Hervorragende Qualität der Schlüssellochchirurgie zertifiziert

Die Zertifizierungsurkunde „Minimalinvasives Kompetenzzentrum“ nehmen stellvertretend für das gesamte Team der Abteilung Allgemein-, Viszeral- und Unfallchirurgie entgegen (von links)  Abteilungsleiter Thomas Weckmüller, Oberarzt Johannes Nikolay, Priv.-Doz. Dr. med. Markus Paschold, Leitender Oberarzt Edwar Soufiah, Gesundheits- und Krankenpflegerin Laura Hehn und die OP-Schwestern Laura Secker und Susan Vogt-Mitschke.
Foto: Franziskanerbrüder vom Heiligen Kreuz

Seit dem 1. Juli dieses Jahres ist die Abteilung für Allgemein-, Viszeral- und Unfallchirurgie des Krankenhauses St. Marienwörth in Bad Kreuznach für die gute Qualität im Bereich Schlüssellochchirurgie zertifiziert. Damit ist sie eines von 72 deutschlandweiten Zentren in diesem speziellen Bereich der Chirurgie. Schlüssellochchirurgie bedeutet, dass Operationen durch besonders kleine Schnitte am Bauch durchgeführt werden können.

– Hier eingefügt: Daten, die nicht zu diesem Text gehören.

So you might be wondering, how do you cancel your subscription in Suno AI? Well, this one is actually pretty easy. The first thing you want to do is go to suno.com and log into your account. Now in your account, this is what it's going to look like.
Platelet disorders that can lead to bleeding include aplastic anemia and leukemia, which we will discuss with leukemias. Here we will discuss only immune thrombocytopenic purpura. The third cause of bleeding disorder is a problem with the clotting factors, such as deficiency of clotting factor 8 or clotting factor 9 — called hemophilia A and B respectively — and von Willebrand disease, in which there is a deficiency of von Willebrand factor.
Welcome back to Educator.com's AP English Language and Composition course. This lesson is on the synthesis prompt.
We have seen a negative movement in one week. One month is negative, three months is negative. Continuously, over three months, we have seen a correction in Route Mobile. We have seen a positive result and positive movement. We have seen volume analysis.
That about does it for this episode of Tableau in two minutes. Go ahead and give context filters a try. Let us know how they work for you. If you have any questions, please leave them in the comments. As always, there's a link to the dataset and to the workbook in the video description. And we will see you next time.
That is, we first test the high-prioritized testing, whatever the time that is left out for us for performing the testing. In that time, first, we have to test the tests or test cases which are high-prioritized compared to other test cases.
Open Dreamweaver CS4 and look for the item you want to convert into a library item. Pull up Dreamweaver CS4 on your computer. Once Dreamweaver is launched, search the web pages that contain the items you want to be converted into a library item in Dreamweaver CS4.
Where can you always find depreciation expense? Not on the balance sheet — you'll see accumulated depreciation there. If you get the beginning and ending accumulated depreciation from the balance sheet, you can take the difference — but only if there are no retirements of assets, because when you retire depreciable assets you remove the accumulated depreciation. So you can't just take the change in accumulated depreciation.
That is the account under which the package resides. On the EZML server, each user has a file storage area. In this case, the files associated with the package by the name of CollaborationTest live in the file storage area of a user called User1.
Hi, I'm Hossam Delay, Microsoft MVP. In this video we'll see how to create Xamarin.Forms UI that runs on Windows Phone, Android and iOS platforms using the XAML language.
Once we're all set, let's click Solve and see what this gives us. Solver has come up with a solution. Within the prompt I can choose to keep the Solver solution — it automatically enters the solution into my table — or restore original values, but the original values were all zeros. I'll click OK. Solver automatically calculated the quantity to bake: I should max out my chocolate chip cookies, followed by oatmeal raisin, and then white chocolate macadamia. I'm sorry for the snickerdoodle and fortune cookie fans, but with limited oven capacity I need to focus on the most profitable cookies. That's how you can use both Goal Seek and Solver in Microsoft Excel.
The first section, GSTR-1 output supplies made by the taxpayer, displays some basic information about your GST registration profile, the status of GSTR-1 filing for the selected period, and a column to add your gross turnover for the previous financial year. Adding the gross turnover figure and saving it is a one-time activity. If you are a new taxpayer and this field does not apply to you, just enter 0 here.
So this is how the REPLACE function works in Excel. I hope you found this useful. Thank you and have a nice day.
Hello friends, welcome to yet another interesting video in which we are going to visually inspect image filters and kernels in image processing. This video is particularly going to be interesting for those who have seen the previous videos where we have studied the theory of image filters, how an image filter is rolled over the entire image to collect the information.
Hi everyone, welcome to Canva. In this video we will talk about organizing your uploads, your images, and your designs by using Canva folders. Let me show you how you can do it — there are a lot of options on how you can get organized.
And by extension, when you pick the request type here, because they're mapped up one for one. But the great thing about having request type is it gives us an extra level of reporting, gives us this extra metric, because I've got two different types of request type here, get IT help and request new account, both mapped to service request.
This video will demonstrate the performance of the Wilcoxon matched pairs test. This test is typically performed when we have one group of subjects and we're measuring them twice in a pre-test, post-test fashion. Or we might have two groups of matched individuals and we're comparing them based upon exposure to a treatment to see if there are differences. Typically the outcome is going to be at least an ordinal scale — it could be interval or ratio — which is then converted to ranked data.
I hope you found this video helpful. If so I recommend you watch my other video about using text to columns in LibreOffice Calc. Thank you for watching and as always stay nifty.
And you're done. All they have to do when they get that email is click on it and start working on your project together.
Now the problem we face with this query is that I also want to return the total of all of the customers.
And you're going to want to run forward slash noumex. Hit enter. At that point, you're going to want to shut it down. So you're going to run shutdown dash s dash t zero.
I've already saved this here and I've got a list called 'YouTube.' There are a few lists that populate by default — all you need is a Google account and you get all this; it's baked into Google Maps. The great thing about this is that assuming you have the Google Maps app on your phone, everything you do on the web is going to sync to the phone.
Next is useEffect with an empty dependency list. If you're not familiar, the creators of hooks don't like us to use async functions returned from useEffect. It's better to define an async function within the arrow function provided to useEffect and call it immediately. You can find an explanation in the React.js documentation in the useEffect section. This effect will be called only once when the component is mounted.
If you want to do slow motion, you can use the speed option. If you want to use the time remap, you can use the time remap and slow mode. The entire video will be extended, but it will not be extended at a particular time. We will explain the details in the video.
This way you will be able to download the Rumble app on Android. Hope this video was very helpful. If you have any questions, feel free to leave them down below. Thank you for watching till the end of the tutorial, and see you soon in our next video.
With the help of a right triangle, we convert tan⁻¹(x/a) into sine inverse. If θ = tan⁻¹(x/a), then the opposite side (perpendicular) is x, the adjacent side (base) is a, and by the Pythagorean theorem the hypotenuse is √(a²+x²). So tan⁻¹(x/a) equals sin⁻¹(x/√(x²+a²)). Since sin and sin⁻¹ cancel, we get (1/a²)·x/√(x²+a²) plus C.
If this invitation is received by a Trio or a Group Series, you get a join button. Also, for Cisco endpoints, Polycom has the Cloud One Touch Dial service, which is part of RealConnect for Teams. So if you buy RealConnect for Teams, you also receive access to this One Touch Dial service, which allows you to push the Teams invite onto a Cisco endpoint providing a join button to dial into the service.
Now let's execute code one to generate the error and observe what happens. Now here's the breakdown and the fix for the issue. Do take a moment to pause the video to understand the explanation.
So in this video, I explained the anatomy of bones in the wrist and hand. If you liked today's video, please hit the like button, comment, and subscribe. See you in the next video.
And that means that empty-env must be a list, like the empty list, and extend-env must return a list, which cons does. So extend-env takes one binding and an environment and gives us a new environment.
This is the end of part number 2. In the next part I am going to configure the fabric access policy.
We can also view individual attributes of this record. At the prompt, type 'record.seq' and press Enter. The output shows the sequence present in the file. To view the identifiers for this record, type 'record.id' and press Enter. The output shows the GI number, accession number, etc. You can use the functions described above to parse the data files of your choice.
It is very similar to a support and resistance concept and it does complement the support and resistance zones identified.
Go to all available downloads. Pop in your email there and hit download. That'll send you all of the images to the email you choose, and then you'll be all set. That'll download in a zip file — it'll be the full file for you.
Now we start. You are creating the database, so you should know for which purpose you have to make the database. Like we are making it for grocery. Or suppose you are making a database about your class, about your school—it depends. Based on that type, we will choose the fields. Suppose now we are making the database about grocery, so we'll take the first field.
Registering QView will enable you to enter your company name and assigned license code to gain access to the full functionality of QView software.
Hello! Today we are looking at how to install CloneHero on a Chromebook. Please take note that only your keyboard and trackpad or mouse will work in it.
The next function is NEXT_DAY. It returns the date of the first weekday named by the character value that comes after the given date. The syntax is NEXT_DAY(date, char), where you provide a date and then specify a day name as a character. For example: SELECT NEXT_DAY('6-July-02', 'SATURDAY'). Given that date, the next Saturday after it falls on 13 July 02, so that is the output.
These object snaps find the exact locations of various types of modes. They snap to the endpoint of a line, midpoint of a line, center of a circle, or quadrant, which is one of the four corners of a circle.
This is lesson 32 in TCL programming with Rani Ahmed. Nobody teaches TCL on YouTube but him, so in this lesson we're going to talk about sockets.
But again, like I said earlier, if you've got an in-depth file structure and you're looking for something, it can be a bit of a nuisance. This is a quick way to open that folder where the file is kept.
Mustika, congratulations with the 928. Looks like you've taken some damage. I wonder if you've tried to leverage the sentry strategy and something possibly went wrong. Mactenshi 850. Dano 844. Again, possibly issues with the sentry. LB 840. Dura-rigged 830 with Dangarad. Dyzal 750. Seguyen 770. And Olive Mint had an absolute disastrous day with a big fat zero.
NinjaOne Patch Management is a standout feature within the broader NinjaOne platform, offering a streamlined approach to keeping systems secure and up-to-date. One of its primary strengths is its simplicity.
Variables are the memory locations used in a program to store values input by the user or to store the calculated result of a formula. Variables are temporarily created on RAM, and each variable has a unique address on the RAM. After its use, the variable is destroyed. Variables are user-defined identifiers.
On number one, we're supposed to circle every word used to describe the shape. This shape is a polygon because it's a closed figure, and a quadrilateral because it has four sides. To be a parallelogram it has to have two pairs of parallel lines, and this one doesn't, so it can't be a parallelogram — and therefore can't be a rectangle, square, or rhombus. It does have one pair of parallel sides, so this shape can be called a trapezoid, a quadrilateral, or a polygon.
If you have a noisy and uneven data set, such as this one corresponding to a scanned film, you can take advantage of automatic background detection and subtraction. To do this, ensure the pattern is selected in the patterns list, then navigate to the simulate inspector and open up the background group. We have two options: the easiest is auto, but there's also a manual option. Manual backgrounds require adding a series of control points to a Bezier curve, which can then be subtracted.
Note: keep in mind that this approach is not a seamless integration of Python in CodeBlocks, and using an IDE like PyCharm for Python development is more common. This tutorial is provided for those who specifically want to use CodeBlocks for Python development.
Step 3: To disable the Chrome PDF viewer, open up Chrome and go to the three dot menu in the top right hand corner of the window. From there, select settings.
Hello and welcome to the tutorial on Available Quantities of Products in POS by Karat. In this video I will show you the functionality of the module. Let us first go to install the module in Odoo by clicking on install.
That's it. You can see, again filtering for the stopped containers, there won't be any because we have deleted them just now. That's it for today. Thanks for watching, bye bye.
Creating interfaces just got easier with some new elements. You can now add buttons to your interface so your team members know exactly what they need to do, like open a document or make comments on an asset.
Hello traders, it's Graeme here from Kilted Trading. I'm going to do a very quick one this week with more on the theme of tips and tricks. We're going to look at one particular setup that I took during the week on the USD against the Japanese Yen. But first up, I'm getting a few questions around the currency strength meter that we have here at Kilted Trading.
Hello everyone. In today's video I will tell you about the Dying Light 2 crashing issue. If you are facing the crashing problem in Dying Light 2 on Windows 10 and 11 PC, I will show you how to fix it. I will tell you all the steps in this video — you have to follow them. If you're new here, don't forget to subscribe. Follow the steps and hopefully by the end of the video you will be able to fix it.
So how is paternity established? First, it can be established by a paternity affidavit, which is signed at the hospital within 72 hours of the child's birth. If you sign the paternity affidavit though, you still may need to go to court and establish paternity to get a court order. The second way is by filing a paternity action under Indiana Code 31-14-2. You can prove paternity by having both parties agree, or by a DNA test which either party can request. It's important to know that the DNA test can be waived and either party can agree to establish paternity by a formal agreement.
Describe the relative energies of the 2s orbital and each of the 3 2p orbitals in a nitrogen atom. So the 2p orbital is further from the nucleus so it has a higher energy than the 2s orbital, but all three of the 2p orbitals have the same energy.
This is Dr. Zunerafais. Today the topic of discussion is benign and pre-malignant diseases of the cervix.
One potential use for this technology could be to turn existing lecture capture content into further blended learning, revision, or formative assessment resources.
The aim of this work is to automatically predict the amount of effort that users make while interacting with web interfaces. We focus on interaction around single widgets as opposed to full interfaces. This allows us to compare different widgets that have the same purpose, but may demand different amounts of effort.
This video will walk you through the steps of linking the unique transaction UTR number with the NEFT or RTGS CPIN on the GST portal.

So ist es möglich auf einen großen Bauchschnitt, wie er früher üblich war, zu verzichten. Diese Art der Operation ist neben dem besseren kosmetischen Ergebnis besonders schonend für die Patienten, verringert postoperative Schmerzen und Wundheilungsstörungen. Die minimalinvasive Chirurgie hat am Krankenhaus St. Marienwörth schon länger einen hohen Stellenwert. Vor allem wurden in der Vergangenheit eher „kleinere“ Operationen beispielsweise an der Gallenblase und Leistenbrüche in Schlüssellochtechnik durchgeführt. „In den letzten Jahren haben wir aber auch fast alle der größeren Operationen wie im Bereich der komplexen Tumorchirurgie in minimalinvasiver Technik bei gleicher oder sogar besserer Qualität durchführen können“, so der Chefarzt Priv.-Doz. Dr. med. Markus Paschold. Die erfolgreiche Zertifizierung durch die Deutsche Gesellschaft für Allgemein- und Viszeralchirurgie (DGAV) belegt dies nun und stellt einen Meilenstein sowie ein weiteres Alleinstellungsmerkmal der Klinik in Bad Kreuznach dar.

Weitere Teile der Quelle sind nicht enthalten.